§ **TASK INSTRUCTIONS**
Go through the records below and tally the lines that include "Road". Answer with the number only.

Top of RECORDED INFORMATION

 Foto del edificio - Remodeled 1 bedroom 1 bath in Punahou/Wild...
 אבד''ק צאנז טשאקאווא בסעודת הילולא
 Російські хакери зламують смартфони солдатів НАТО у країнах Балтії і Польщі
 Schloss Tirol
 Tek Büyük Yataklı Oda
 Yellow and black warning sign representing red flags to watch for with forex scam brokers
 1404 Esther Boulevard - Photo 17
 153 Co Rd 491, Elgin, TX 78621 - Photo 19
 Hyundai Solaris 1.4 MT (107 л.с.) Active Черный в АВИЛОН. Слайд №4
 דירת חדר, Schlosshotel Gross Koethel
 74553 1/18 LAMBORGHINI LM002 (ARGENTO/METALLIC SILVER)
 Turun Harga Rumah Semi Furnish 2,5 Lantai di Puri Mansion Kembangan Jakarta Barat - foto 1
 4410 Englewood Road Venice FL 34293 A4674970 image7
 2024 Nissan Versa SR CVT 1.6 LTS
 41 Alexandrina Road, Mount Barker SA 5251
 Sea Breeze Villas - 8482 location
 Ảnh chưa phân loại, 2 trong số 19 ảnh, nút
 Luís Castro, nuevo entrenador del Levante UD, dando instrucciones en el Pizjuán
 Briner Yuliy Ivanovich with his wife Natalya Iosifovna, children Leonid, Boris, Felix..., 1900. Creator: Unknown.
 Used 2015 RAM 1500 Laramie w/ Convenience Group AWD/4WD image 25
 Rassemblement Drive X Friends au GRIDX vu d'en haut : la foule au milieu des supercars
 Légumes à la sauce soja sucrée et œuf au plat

Bottom of RECORDED INFORMATION

§ **ANSWER**
2